9.11.2006

A sad day

Do you remember where you were 5 years ago when the towers were hit? I was at the post office sending an IPAQ that I had won from some contests to the new lucky owner (having just auctioned it off on eBay). I walked into the mail center and looked up at the TV they had hanging on the wall – and saw one of the towers smoking. It was so surreal. I have never witnessed anything so horrific in my lifetime…and hopefully never will again.

We have some friends that lived not far from ground zero during the time of the attacks. They could look out their balcony and see the site – and they could smell the acrid air for weeks. I remember them telling us how dark, gray, and horrible everything looked for such a long time. It was as if they were in the remains of a nuclear holocaust. At least that is how I would imagine it would be.
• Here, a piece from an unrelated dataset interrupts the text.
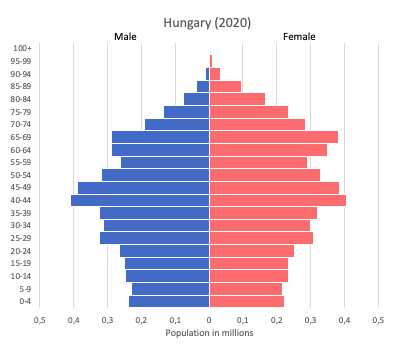 population pyramid of Hungary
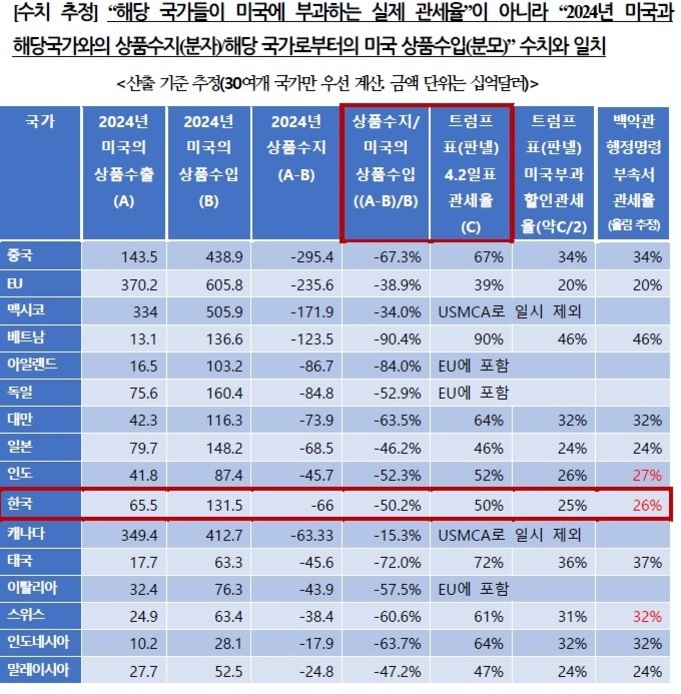 2024년 미국과 주요 국가 간 상품수지 및 관세율 비교 표. 각 국가는 미국에 대한 상품 수출, 수입, 상품수지(수출-수입), 상품수지/미국의 상품수입 비율, 트럼프표 관세율, 할인관세율, 백악관 행정부명령 부속서 관세율이 항목별로 정리되어 있다. 한국은 -50.2%의 무역적자와 50% 트럼프표 관세율 등이 표시됨.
Ashen film covering everything, burning smell in the air, thick fog-like air penetrating every nook and cranny.

We have another friend who had a brother that worked in either one of the towers or a building right beside there – I cannot remember which one. He was telling us that that he was standing in the courtyard area before the towers fell and saw people jumping out of windows, crashing into the awning type structure above the sidewalk. I cannot even imagine what that would have been like – my mind cannot grasp the darkness of it.

I don’t know why I think so much about that day still. I do know that the people that died deserve to be remembered, so I am glad that it affected me and that I do remember them…but I just don’t understand why it made such a HUGE impression on my life. It makes me incredibly sad to think about it. So very sad to remember that day.